▶ TASK
Among the entries below, find the line with "1940's Maestro Sausage" and the line with "two people are". Return exactly those lines and every line between them, but no pictures.

▶ SUPPLIED DATA
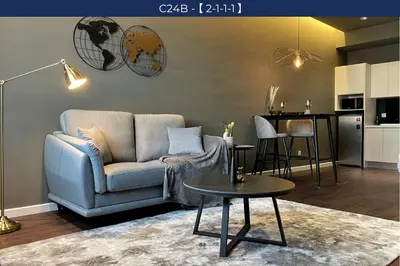 a living room with a couch and a table at Chambers Suite Studio KLCC PWTC by Unimax in Kuala Lumpur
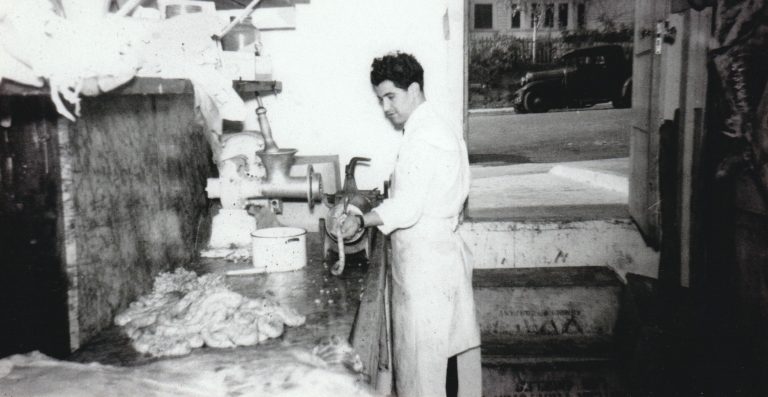 1940's Maestro Sausage born at Eastside Italian Deli. Gaetano (George) Laricchia making sausage near the back door at Eastside which is now closed off and is now the dining area of Eastside Deli.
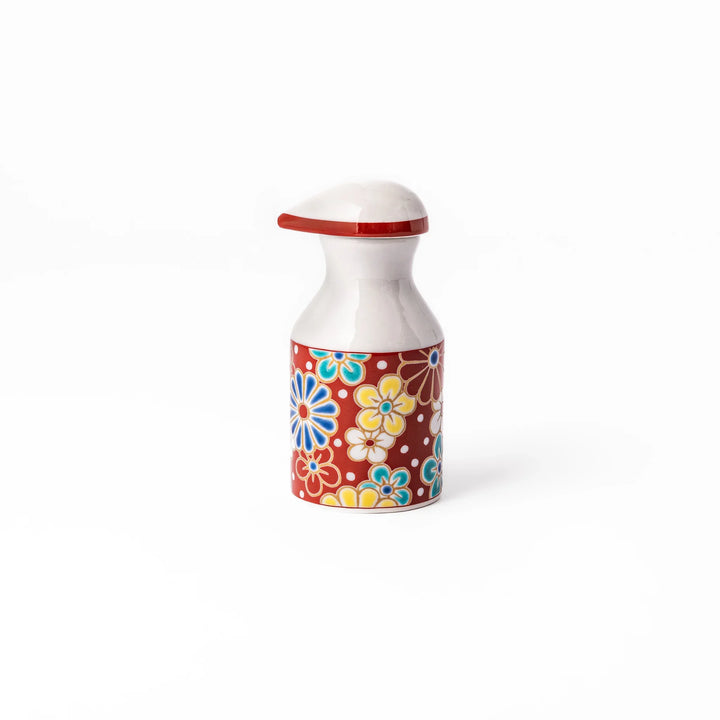 Japanese ceramic soy sauce dispenser with red lid and plum and chrysanthemum blossoms handcrafted in Arita.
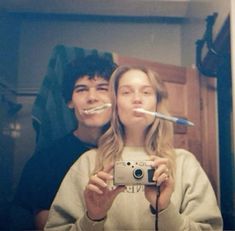 two people are taking a selfie in the mirror with toothbrushes on their mouths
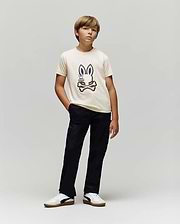 A boy poses against a plain background, wearing the Psycho Bunny KIDS WADE GRAPHIC TEE - KT0200054 in cream, made from 100% cotton with an embroidered Bunny and crossed bones, paired with black pants and white sneakers.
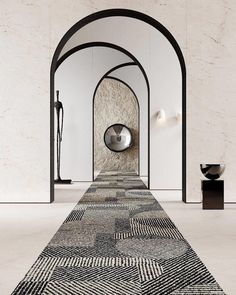 a long carpet with an arch in the middle and a round mirror on the wall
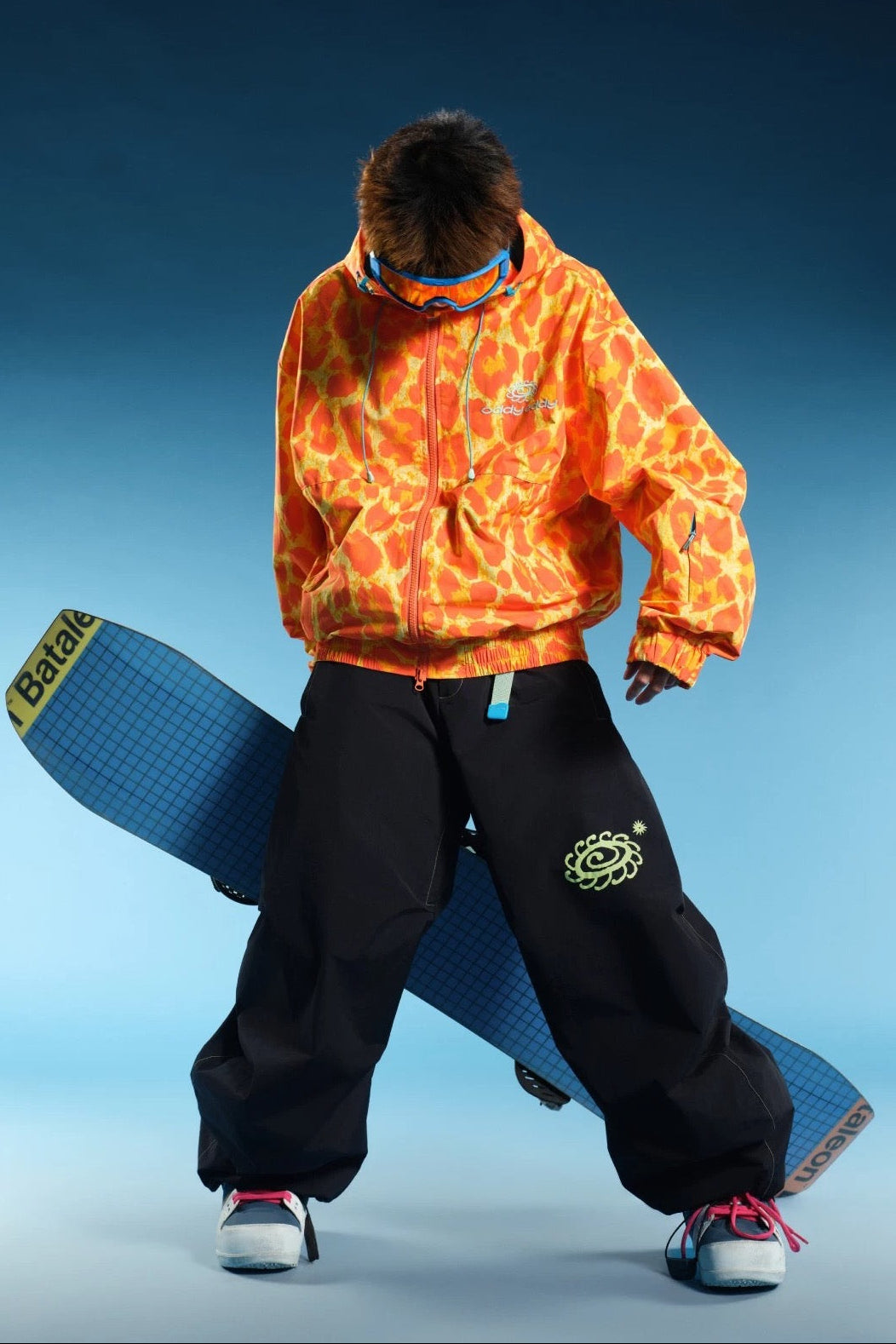 OddyEddy Luna Black snowboard pants styled with a snowboard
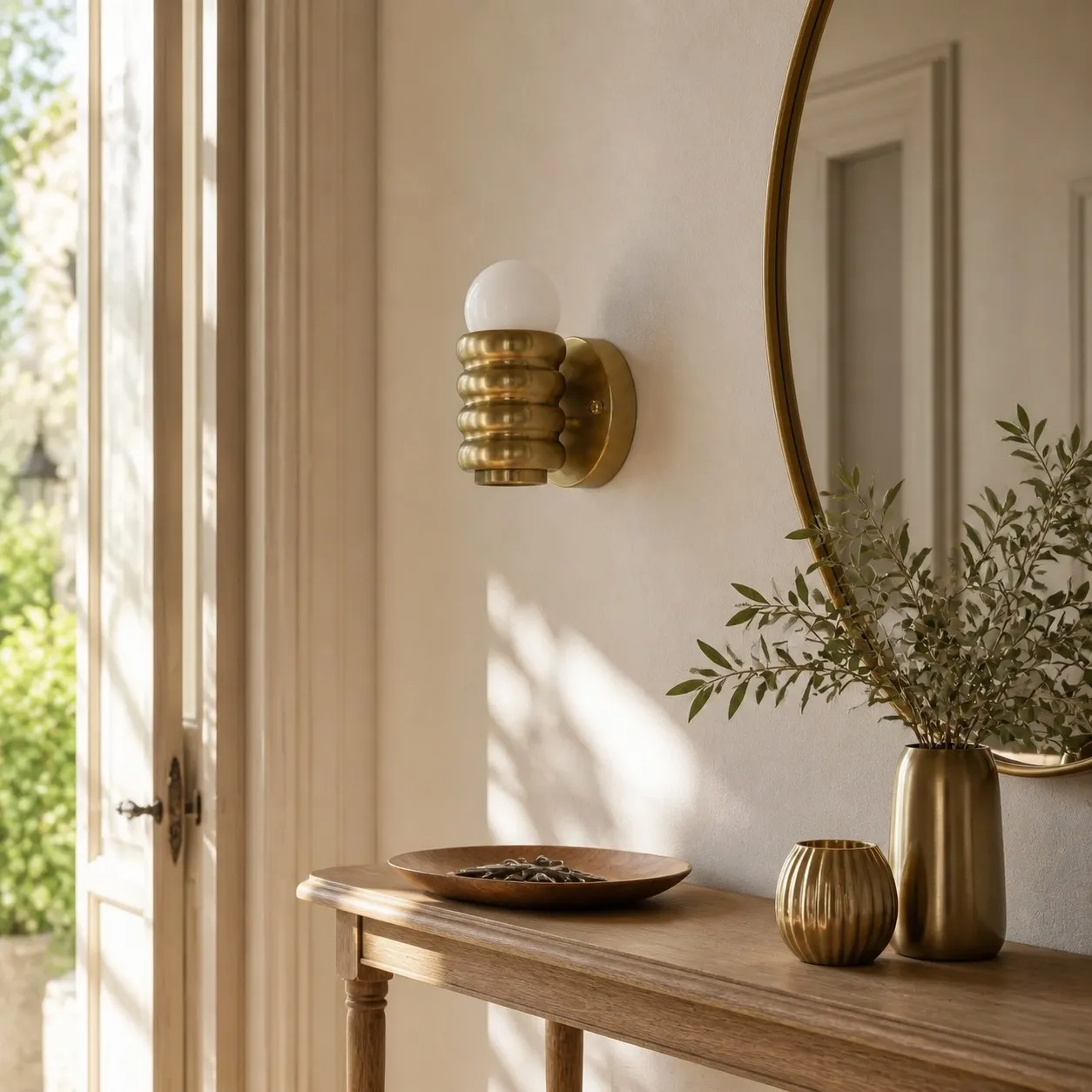 Copper wall sconce above entrance console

▶ RESPONSE AREA
 1940's Maestro Sausage born at Eastside Italian Deli. Gaetano (George) Laricchia making sausage near the back door at Eastside which is now closed off and is now the dining area of Eastside Deli.
 Japanese ceramic soy sauce dispenser with red lid and plum and chrysanthemum blossoms handcrafted in Arita.
 two people are taking a selfie in the mirror with toothbrushes on their mouths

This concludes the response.